History

Italy
- Name: Ercole
- Namesake: Ercole
- Builder: Damen shipyard in Gdynia (Poland)
- Launched: 2002
- Acquired: 2013
- Commissioned: - October 2002 Levanto Secondo; - 18 June 2014 Ercole Y 430;
- In service: 1
- Home port: Taranto
- Identification: IMO number: 9257979; MMSI number: 247079600; Callsign: IHEZ ; Pennant number: Y 430;
- Status: Active

General characteristics
- Type: Coastal tugboat
- Displacement: 540 t (530 long tons) full load
- Length: 28.67 m (94 ft 1 in) LOA
- Beam: 10.43 m (34 ft 3 in)
- Propulsion: - 2 x diesel engines Wärtsilä 9L20C, 1,620 kW (2,170 hp) each; - 2 x Voith propellers;
- Notes: towing fixed point: 52.5 t (51.7 long tons)

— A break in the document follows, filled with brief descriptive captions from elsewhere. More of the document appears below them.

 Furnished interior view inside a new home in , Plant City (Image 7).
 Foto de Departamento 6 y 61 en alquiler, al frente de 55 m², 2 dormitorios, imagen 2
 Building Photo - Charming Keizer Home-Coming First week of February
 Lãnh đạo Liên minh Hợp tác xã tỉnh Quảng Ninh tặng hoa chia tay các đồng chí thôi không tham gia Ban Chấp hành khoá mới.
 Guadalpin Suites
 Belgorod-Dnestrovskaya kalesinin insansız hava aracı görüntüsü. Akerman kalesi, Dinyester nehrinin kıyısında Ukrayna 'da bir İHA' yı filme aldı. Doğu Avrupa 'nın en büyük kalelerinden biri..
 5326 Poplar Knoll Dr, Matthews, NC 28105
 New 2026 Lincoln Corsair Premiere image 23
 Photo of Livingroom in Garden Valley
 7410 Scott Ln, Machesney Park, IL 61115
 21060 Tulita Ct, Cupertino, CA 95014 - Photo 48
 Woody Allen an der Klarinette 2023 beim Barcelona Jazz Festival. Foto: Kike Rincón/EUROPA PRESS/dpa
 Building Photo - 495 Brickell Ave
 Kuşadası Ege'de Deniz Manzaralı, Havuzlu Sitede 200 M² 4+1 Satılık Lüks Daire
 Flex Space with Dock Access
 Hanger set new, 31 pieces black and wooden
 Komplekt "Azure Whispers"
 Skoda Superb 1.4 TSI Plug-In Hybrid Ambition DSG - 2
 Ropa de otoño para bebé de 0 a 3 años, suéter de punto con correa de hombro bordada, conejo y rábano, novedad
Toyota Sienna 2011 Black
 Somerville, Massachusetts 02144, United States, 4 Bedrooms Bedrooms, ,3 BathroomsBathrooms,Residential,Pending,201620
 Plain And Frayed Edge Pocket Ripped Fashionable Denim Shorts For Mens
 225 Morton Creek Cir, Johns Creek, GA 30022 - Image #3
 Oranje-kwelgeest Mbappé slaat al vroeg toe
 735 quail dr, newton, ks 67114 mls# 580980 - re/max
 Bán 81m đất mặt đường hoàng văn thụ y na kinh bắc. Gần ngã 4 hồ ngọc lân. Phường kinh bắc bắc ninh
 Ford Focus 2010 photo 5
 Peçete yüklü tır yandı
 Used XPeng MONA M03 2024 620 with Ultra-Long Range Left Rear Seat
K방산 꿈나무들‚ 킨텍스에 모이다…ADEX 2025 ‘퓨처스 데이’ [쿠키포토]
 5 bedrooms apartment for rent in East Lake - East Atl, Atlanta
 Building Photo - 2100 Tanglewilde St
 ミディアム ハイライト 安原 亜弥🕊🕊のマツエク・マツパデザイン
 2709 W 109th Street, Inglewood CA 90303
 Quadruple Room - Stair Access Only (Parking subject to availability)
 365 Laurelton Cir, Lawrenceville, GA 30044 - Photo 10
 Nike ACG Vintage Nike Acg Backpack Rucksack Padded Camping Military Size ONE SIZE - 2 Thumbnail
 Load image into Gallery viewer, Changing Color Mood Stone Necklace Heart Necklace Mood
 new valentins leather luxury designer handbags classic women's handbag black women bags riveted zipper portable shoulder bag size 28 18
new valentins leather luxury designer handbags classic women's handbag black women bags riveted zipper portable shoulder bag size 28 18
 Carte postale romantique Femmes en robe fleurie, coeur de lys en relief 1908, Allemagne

= Italian tugboat Ercole =

Ercole (Y 430) is a coastal tugboat of the Marina Militare.

== History ==
Ercole is a tugboat designed on Damen Azimuth Stern Drive Tug 2810 plans. It was built at Damen Shipyards in Gdynia, Poland, and delivered to Italian maritime operator Rimorchiatori Riuniti Spezzini at La Spezia, in October 2002, and named Levanto Secondo. In 2013, it was sold to Agenzia Industrie Difesa (Defence Factories Agency) for service with the Marina Militare. Ercole was updated at the Arsenale militare marittimo di Messina with new Voith propellers.